Actuellement logé aux frais de la mairie dans un appart’hôtel en raison du danger que représente son logement, il se trouve dans une impasse administrative. “J’ai rendez-vous avec la mairie pour voir ce que l’on peut faire”, conclut-il, bien décidé à récupérer son bien, alors que celui-ci s’effondre partiellement. Un peu plus loin, c’est une autre maisonnette qui pose problème. Celle-ci appartient – historiquement en tout cas – à trois frères qui n’arrivent pas à se mettre d’accord pour le racheter en totalité.

“En 2003, quand le terrain a été cédé, il y a eu une période active des services de l’ancienne majorité pour régulariser un maximum de personnes, on ne peut pas dire le contraire. Aujourd’hui, il ne reste que les dossiers les plus compliqués”, abonde le conseiller à l’urbanisme. Conflits familiaux, manque de moyens, départ sans retour, problématiques juridiques… Depuis quelques années les fissures grandissent dans les murs du patrimoine municipal chemin du Mauvais pas, et les arrêtés d’interdiction d’habiter se multiplient.

De 211 euros le mètre carré à 350 euros la nuit

Dans leur maison impeccable, montée sur un étage, les Lopez sont bien loin de cette période de négociation avec la Ville. Comme Anne-Marie, expliquent-ils à l’heure de l’apéro, ils ont régularisé leur situation il y a vingt ans. “90 mètres carrés de terrain, vue mer.

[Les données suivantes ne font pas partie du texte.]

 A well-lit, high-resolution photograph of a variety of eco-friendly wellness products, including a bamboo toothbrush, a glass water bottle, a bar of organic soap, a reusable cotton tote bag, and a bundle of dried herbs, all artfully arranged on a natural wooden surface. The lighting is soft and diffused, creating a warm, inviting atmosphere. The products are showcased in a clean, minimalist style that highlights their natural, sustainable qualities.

On a payé 19 000 euros”, glisse fièrement Patrick. Désormais, les prix ne sont plus vraiment les mêmes. “Elle, elle a vendu sa merde 500 000 euros !”, tacle, amer, ce petit-fils de rapatriés d’Algérie à l’adresse de sa fille, qui habitait jusqu’à récemment à proximité de la maison parentale. Cette dernière n’est pas la seule des descendants des riverains historiques du Mauvais pas à avoir fait le choix de revendre, s’éloigner de sa famille, et quitter ce petit bout de paradis, entre mer et colline.

Dans le quartier, les belles voitures et les gens “d’ailleurs” font à présent partie du décor. Par ici “des Belges”, par là “des Suisses”. On trouve même, sur Airbnb, des locations saisonnières à 350 euros la nuit, dans une villa ” sur deux étages rénovée par un architecte connu, avec vue panoramique sur la mer, sauna et hammam…”.

Capture d’écran du site de location Airbnb.

Quel est l’avenir pour le chemin du Mauvais pas ? La mairie centrale doit rencontrer la mairie de secteur en septembre, pour évoquer le sujet. Les différentes possibilités seront alors détaillées. Vendre le patrimoine municipal au privé, avec obligation de travaux, démolir, construire des équipements publics à la place… Pour le moment, rien n’est arrêté.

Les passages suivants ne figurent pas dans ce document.